* _Problem description_: Retype all the records with nothing changed.

** Given information follows **

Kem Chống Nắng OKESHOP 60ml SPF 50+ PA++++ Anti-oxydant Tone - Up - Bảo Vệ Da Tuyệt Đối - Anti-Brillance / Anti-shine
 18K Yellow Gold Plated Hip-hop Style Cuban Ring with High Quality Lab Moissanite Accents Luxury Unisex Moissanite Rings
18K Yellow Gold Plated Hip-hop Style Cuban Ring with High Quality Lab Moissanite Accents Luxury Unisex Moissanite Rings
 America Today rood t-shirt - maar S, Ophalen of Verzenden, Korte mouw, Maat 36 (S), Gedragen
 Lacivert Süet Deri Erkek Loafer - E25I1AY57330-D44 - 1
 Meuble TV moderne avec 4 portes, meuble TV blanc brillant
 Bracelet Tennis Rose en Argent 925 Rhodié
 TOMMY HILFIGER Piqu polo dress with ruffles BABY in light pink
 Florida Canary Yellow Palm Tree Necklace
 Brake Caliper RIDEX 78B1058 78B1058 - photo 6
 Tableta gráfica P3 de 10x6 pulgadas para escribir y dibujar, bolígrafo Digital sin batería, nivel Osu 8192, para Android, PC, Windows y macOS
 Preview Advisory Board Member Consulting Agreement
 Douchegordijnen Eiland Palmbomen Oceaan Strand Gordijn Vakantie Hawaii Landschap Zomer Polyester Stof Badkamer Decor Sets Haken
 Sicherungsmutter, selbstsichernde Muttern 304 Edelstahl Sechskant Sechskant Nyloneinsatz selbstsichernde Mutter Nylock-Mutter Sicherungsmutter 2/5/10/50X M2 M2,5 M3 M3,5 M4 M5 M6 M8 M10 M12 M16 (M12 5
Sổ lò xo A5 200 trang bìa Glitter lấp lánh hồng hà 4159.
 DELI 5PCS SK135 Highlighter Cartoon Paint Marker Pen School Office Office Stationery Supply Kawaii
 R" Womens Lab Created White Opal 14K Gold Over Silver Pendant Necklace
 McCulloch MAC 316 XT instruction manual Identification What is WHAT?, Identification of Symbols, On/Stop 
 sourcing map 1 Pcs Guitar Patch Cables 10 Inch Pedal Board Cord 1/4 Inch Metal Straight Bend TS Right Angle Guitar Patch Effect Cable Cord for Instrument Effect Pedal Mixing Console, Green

** End of Given information **

* _Answer box_:
Kem Chống Nắng OKESHOP 60ml SPF 50+ PA++++ Anti-oxydant Tone - Up - Bảo Vệ Da Tuyệt Đối - Anti-Brillance / Anti-shine
 18K Yellow Gold Plated Hip-hop Style Cuban Ring with High Quality Lab Moissanite Accents Luxury Unisex Moissanite Rings
18K Yellow Gold Plated Hip-hop Style Cuban Ring with High Quality Lab Moissanite Accents Luxury Unisex Moissanite Rings
 America Today rood t-shirt - maar S, Ophalen of Verzenden, Korte mouw, Maat 36 (S), Gedragen
 Lacivert Süet Deri Erkek Loafer - E25I1AY57330-D44 - 1
 Meuble TV moderne avec 4 portes, meuble TV blanc brillant
 Bracelet Tennis Rose en Argent 925 Rhodié
 TOMMY HILFIGER Piqu polo dress with ruffles BABY in light pink
 Florida Canary Yellow Palm Tree Necklace
 Brake Caliper RIDEX 78B1058 78B1058 - photo 6
 Tableta gráfica P3 de 10x6 pulgadas para escribir y dibujar, bolígrafo Digital sin batería, nivel Osu 8192, para Android, PC, Windows y macOS
 Preview Advisory Board Member Consulting Agreement
 Douchegordijnen Eiland Palmbomen Oceaan Strand Gordijn Vakantie Hawaii Landschap Zomer Polyester Stof Badkamer Decor Sets Haken
 Sicherungsmutter, selbstsichernde Muttern 304 Edelstahl Sechskant Sechskant Nyloneinsatz selbstsichernde Mutter Nylock-Mutter Sicherungsmutter 2/5/10/50X M2 M2,5 M3 M3,5 M4 M5 M6 M8 M10 M12 M16 (M12 5
Sổ lò xo A5 200 trang bìa Glitter lấp lánh hồng hà 4159.
 DELI 5PCS SK135 Highlighter Cartoon Paint Marker Pen School Office Office Stationery Supply Kawaii
 R" Womens Lab Created White Opal 14K Gold Over Silver Pendant Necklace
 McCulloch MAC 316 XT instruction manual Identification What is WHAT?, Identification of Symbols, On/Stop 
 sourcing map 1 Pcs Guitar Patch Cables 10 Inch Pedal Board Cord 1/4 Inch Metal Straight Bend TS Right Angle Guitar Patch Effect Cable Cord for Instrument Effect Pedal Mixing Console, Green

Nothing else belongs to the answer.